Nextflow: Allow the setting of the bootDiskSize with Google pipelines

Created on 8 Oct 2019 · 19Comments · Source: nextflow-io/nextflow

Bug report

In process declaration, the disk directive does not work.
When I run this workflow:

process {
    disk '30 GB'
    container 'python:3'

    script:
    """
    sleep 5 
    echo Done!
    """
}

I get an instance with 10 GB (local) and 500GB pipeline-worker persistent disks.

The Docker image I have is 7 GB large and the workflow runs out of memory since it cannot complete the Docker pull.

Is this issue going to be handled any time soon? I increased my persistent disk quota to accommodate 500GB for each instance. But there is no way around using a large docker image (since 10GB local disk)

Please help, or update. If this is not going to change then I need to change the entire design of my pipeline.

platforgoogle-pipelines

Source

daudn

Most helpful comment

The new google-lifesciences executor allow the specification of the book disk size using the following config setting:

process.executor = 'google-lifesciences` 
google.lifeSciences.bootDiskSize = 50.GB

You can try it with the latest snapshot:

NXF_VER=19.12.0-SNAPSHOT nextflow run .. <usual cli params>

pditommaso on 10 Dec 2019

👍2

All 19 comments

I'm quite sure it's not that difficult to allow customizability of these features (it already exists but does not work) Is this issue going to be handled any time soon?

Good, looking for receiving a code contribution from you.

pditommaso on 9 Oct 2019

I'm sorry if that sounded offensive. I just meant if the option is there, that means the developers already thought of/are developing the feature.

I would love to contribute however I'm sure this is between GCP and Nextflow.

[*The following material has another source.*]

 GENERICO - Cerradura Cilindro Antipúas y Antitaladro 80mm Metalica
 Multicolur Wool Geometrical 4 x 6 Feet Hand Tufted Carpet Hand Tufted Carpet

In GCP we can customize disk size, and since Nextflow uses GCP, that functionality is there and just needs to be implemented.

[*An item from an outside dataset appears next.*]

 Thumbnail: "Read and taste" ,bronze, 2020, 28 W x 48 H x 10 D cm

Once again, I apologize for wording it the way I did, frustrated since Nextflow is supposed to be the answer to all my problems.

daudn on 9 Oct 2019

No problem, I appreciate the enthusiasm. It should be possible but we have other priorities. The code is available so that anybody can use, learn and propose improvements.

pditommaso on 9 Oct 2019

Pipelines API definitely has this functionality.

{
  "minimumCpuCores": number,
  "preemptible": boolean,
  "minimumRamGb": number,
  "disks": [
    {
      object (Disk)
    }
  ],
  "zones": [
    string
  ],
  "bootDiskSizeGb": number,
  "noAddress": boolean,
  "acceleratorType": string,
  "acceleratorCount": string
}

The size of the boot disk. Defaults to 10 (GB).

daudn on 10 Oct 2019

In nextflow/modules/nf-google/src/main/nextflow/cloud/google/pipelines/GooglePipelinesTaskHandler.groovy if we edit the function createPipelineRequest(), could we not edit the boot disk size from there? Like:

def req = new GooglePipelinesSubmitRequest()
        req.machineType = machineType
        req.project = pipelineConfiguration.project
        req.zone = pipelineConfiguration.zone
        req.region = pipelineConfiguration.region
        req.diskName = diskName
        req.diskSizeGb = task.config.disk?.giga
//Here
        req.bootDiskSizeGb = 30
//Here
        req.preemptible = pipelineConfiguration.preemptible
        req.taskName = "nf-$task.hash"
        req.containerImage = task.container
        req.fileCopyImage = fileCopyImage
        req.stagingScript = stagingScript
        req.mainScript = mainScript
        req.unstagingScript = unstaging.join("; ").trim()
        req.sharedMount = sharedMount
        req.accelerator = task.config.getAccelerator()
        return req
    }

daudn on 11 Oct 2019

It should work.

pditommaso on 11 Oct 2019

If I was to make changes "locally", how could I then install that version of Nextflow? Basically, how do you guys package the nextflow? I can try getting it to work, if it does, I can fork, and upload to a feature branch.

daudn on 11 Oct 2019

make compile 
./launch.sh

https://github.com/nextflow-io/nextflow#build-from-source

pditommaso on 11 Oct 2019

daudnadeem:nextflow daudn$ ./launch.sh 
Picked up _JAVA_OPTIONS: -Xverify:none
Error: Could not find or load main class nextflow.cli.Launcher

daudn on 14 Oct 2019

I just understood that ./launch.sh is to be used as nextflow run ...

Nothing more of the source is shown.